35-10-702. Effect of registration -- entity unchanged. (1) A partnership that has registered under 35-10-701 is for all purposes of the laws of this state, including but not limited to all licensing laws, whether for professionals or otherwise, the same entity that existed before the registration.
(2) When registration of a partnership under 35-10-701 takes effect:
(a) all tangible and intangible property, whether real or personal, owned by the partnership remains vested in the partnership;
(b) all debts, obligations, or liabilities of and chargeable to the partnership continue as debts, obligations, or liabilities of the partnership; and
(c) any actions or proceedings pending by or against the partnership may be continued as if the registration under 35-10-701 had not occurred.

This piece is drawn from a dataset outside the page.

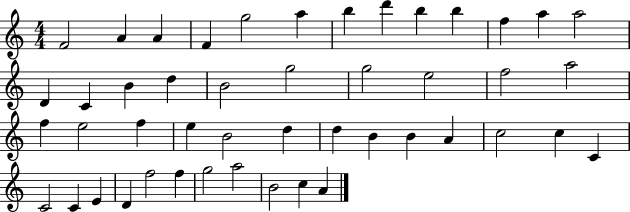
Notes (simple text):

F4/h A4/q A4/q F4/q G5/h A5/q B5/q D6/q B5/q B5/q F5/q A5/q A5/h D4/q C4/q B4/q D5/q B4/h G5/h G5/h E5/h F5/h A5/h F5/q E5/h F5/q E5/q B4/h D5/q D5/q B4/q B4/q A4/q C5/h C5/q C4/q C4/h C4/q E4/q D4/q F5/h F5/q G5/h A5/h B4/h C5/q A4/q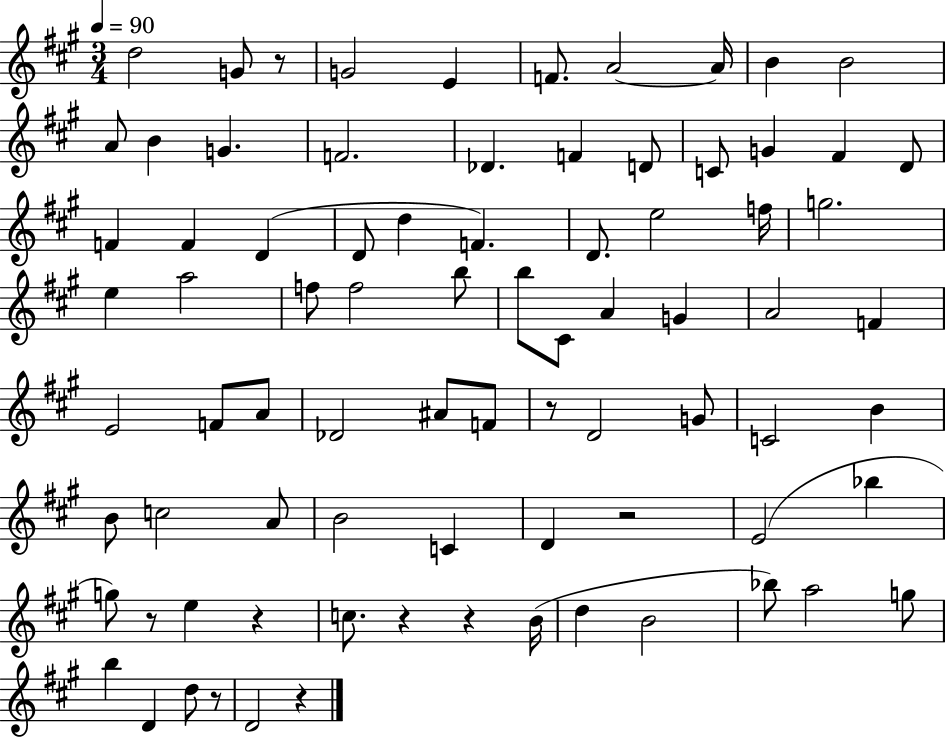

(3) If a partnership dissolves and its business continues without liquidation of the partnership affairs, the registration of the limited liability partnership must be considered continued and must continue to be applicable to the partnership continuing the business. The partnership continuing the business is considered to have filed any documents required or permitted under this section that were filed by the dissolved partnership. The partnership continuing the business shall renew its registration at the time the dissolved partnership would have been required to file an application for renewal pursuant to Title 30, chapter 13, part 2.
(4) If a partnership dissolves, winds up its affairs, and liquidates, the registration of the limited liability partnership must be considered continued and must remain in effect as to the partnership and the partners during the period of dissolution, winding up, and liquidation and as to the partners subsequent to dissolution, winding up, and liquidation as to debts, obligations, or liabilities for which a partner was not personally liable under 35-10-307 or 35-10-629.
History: En. Sec. 19, Ch. 449, L. 1995.